Another example of problems cancer survivors face is "chemo-brain" — fatigue and reduced memory and concentration — according to Dr. Silver. "Chemo-brain is really mild cognitive impairment, and a comprehensive rehab program that provides physiatry, speech-language therapy and other appropriate services are necessary for cancer survivors just as they are for stroke patients, head trauma patients and others with similar symptoms," Dr. Silver says.  

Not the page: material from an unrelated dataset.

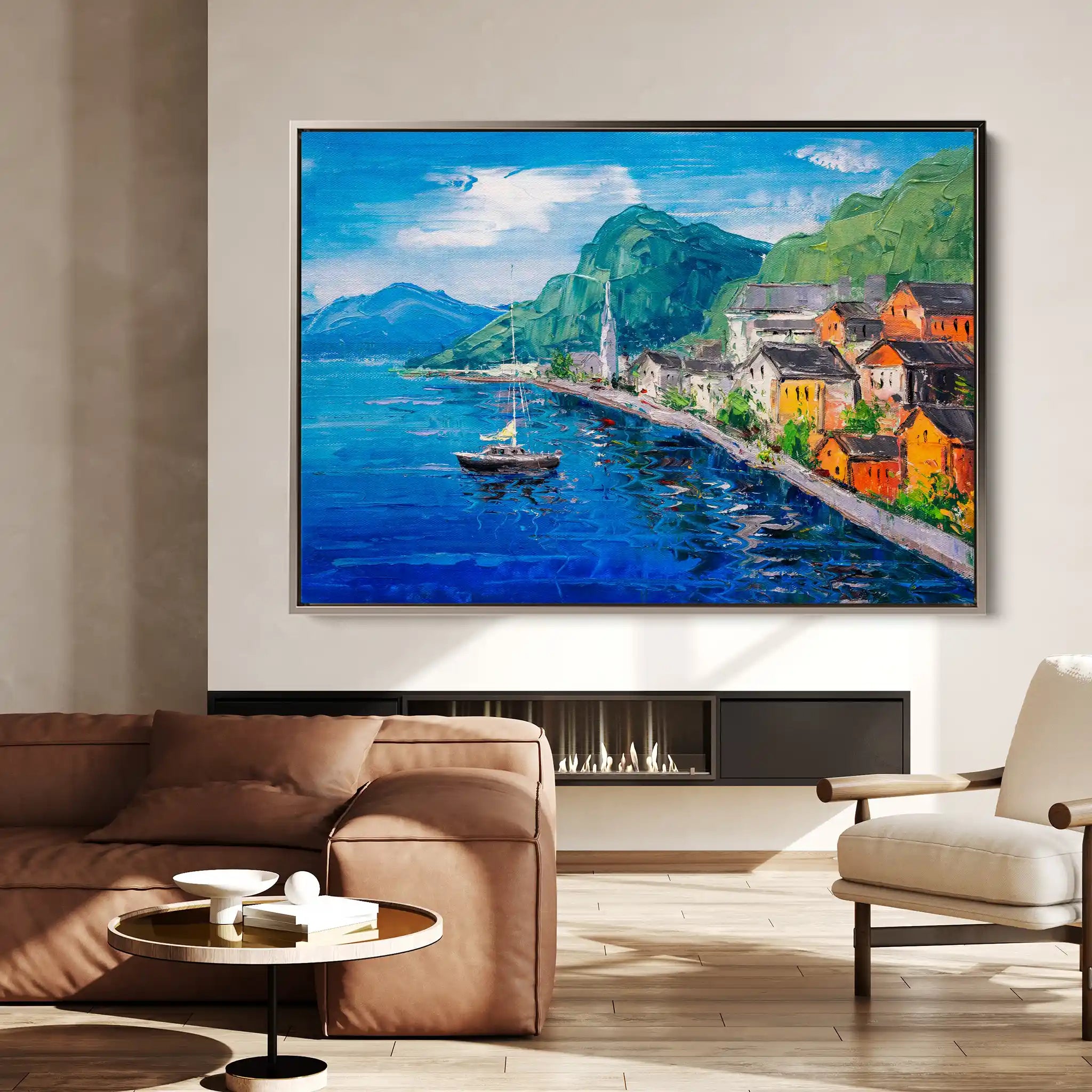 Landscape 042 Canvas Art 60 x 40 cm / Black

2. Facilitate the partnership of administrators, oncologists and rehab professionals. When implementing rehabilitation care for cancer survivors, three key groups need to work together and support each other: the administration, oncology professionals and rehabilitation professionals, according to Dr. Silver. Support from executive leadership is critical for attaining the necessary resources to start the program. Gaining this support is not difficult after the administration learns what an evidence-based cancer rehab program is, Dr. Silver says. "Once people understand how this care can help their hospital financially and can help their patients, both physically and emotionally, it is quite a seamless process to implement the program."

The other two key groups are oncology and rehabilitation professionals, who are essential for implementing best practices. All three groups need to agree on the need for a best practices cancer rehabilitation program, so they can work collaboratively toward a common goal.

3. Train a multidisciplinary team. Once hospital leaders define their cancer rehab program and collaborate with care providers, they need to develop and train a multidisciplinary team that includes physiatrists, therapists of different specialties and nurses, as mentioned above. Providing care from board-certified and licensed rehabilitation healthcare professionals ensures that care will be reimbursed, which is crucial for building a sustainable program.

4. Implement best practices based on research. Dr. Silver says most hospitals already have the resources to create an oncology rehabilitation program but until now have not applied them in a structured, best-practices model. Hospitals can implement best practices by coordinating resources such as trained healthcare providers, equipment and education materials. Providing a multidisciplinary team for comprehensive services and performing evidence-based interventions form the foundation of a reimbursable, best practices rehab program.

5. Track outcomes and provide continuing education. Hospitals should track outcomes of the best practices to identify successes and areas that need improvement. Rehabilitation professionals also need to stay up to date on the research and participate in continuing education in oncology rehab and cancer survivorship, Dr. Silver says.